[HOW TO COMPLETE THIS TASK]: Beneath this sentence is a set of records; write each of them out exactly.

[RECORDED INFORMATION]:
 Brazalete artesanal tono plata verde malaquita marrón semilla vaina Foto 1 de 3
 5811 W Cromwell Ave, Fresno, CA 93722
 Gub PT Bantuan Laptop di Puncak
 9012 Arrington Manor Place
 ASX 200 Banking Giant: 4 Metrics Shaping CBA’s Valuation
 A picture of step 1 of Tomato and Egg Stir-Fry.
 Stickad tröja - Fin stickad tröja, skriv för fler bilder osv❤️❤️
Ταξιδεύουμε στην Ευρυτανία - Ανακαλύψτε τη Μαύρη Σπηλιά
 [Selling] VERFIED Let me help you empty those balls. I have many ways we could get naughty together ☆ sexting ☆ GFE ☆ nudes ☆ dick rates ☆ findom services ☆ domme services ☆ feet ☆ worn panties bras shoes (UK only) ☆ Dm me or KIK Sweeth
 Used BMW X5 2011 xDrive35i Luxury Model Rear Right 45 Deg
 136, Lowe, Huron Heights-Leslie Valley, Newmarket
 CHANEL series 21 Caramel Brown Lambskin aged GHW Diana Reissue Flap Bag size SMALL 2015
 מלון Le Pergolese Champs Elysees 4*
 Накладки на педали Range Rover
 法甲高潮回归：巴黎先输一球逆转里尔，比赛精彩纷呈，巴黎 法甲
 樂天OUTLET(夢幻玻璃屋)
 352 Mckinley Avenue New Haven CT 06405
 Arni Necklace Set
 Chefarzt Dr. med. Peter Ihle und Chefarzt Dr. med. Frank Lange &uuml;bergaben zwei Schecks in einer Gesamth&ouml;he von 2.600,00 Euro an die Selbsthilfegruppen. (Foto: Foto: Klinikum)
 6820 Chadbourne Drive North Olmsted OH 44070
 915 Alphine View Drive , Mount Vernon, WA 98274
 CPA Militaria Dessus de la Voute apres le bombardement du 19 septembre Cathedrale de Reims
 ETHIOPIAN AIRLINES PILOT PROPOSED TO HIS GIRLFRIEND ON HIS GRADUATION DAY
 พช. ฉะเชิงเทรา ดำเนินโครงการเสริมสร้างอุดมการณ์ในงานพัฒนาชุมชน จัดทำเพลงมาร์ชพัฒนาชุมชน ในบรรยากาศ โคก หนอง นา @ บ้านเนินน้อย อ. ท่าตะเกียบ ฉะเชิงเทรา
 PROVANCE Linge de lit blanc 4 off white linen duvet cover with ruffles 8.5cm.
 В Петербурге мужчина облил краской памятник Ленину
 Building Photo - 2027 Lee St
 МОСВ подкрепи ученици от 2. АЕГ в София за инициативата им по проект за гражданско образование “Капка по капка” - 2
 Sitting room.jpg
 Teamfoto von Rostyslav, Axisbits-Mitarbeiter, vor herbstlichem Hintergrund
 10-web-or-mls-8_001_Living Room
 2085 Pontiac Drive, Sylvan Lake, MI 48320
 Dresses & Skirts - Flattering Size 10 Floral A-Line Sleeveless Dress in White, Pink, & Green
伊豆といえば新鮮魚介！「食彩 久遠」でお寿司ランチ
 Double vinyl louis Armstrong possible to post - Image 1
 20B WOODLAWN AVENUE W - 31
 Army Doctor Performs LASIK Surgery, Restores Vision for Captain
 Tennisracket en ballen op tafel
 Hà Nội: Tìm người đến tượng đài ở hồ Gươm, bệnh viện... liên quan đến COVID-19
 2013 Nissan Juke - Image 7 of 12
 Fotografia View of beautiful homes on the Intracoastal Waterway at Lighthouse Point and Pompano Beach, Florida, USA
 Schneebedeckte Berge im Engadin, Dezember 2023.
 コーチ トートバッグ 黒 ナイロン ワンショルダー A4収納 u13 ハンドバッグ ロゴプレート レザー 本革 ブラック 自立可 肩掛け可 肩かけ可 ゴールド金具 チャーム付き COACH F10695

[WRITTEN SOLUTION]:
 Brazalete artesanal tono plata verde malaquita marrón semilla vaina Foto 1 de 3
 5811 W Cromwell Ave, Fresno, CA 93722
 Gub PT Bantuan Laptop di Puncak
 9012 Arrington Manor Place
 ASX 200 Banking Giant: 4 Metrics Shaping CBA’s Valuation
 A picture of step 1 of Tomato and Egg Stir-Fry.
 Stickad tröja - Fin stickad tröja, skriv för fler bilder osv❤️❤️
Ταξιδεύουμε στην Ευρυτανία - Ανακαλύψτε τη Μαύρη Σπηλιά
 [Selling] VERFIED Let me help you empty those balls. I have many ways we could get naughty together ☆ sexting ☆ GFE ☆ nudes ☆ dick rates ☆ findom services ☆ domme services ☆ feet ☆ worn panties bras shoes (UK only) ☆ Dm me or KIK Sweeth
 Used BMW X5 2011 xDrive35i Luxury Model Rear Right 45 Deg
 136, Lowe, Huron Heights-Leslie Valley, Newmarket
 CHANEL series 21 Caramel Brown Lambskin aged GHW Diana Reissue Flap Bag size SMALL 2015
 מלון Le Pergolese Champs Elysees 4*
 Накладки на педали Range Rover
 法甲高潮回归：巴黎先输一球逆转里尔，比赛精彩纷呈，巴黎 法甲
 樂天OUTLET(夢幻玻璃屋)
 352 Mckinley Avenue New Haven CT 06405
 Arni Necklace Set
 Chefarzt Dr. med. Peter Ihle und Chefarzt Dr. med. Frank Lange &uuml;bergaben zwei Schecks in einer Gesamth&ouml;he von 2.600,00 Euro an die Selbsthilfegruppen. (Foto: Foto: Klinikum)
 6820 Chadbourne Drive North Olmsted OH 44070
 915 Alphine View Drive , Mount Vernon, WA 98274
 CPA Militaria Dessus de la Voute apres le bombardement du 19 septembre Cathedrale de Reims
 ETHIOPIAN AIRLINES PILOT PROPOSED TO HIS GIRLFRIEND ON HIS GRADUATION DAY
 พช. ฉะเชิงเทรา ดำเนินโครงการเสริมสร้างอุดมการณ์ในงานพัฒนาชุมชน จัดทำเพลงมาร์ชพัฒนาชุมชน ในบรรยากาศ โคก หนอง นา @ บ้านเนินน้อย อ. ท่าตะเกียบ ฉะเชิงเทรา
 PROVANCE Linge de lit blanc 4 off white linen duvet cover with ruffles 8.5cm.
 В Петербурге мужчина облил краской памятник Ленину
 Building Photo - 2027 Lee St
 МОСВ подкрепи ученици от 2. АЕГ в София за инициативата им по проект за гражданско образование “Капка по капка” - 2
 Sitting room.jpg
 Teamfoto von Rostyslav, Axisbits-Mitarbeiter, vor herbstlichem Hintergrund
 10-web-or-mls-8_001_Living Room
 2085 Pontiac Drive, Sylvan Lake, MI 48320
 Dresses & Skirts - Flattering Size 10 Floral A-Line Sleeveless Dress in White, Pink, & Green
伊豆といえば新鮮魚介！「食彩 久遠」でお寿司ランチ
 Double vinyl louis Armstrong possible to post - Image 1
 20B WOODLAWN AVENUE W - 31
 Army Doctor Performs LASIK Surgery, Restores Vision for Captain
 Tennisracket en ballen op tafel
 Hà Nội: Tìm người đến tượng đài ở hồ Gươm, bệnh viện... liên quan đến COVID-19
 2013 Nissan Juke - Image 7 of 12
 Fotografia View of beautiful homes on the Intracoastal Waterway at Lighthouse Point and Pompano Beach, Florida, USA
 Schneebedeckte Berge im Engadin, Dezember 2023.
 コーチ トートバッグ 黒 ナイロン ワンショルダー A4収納 u13 ハンドバッグ ロゴプレート レザー 本革 ブラック 自立可 肩掛け可 肩かけ可 ゴールド金具 チャーム付き COACH F10695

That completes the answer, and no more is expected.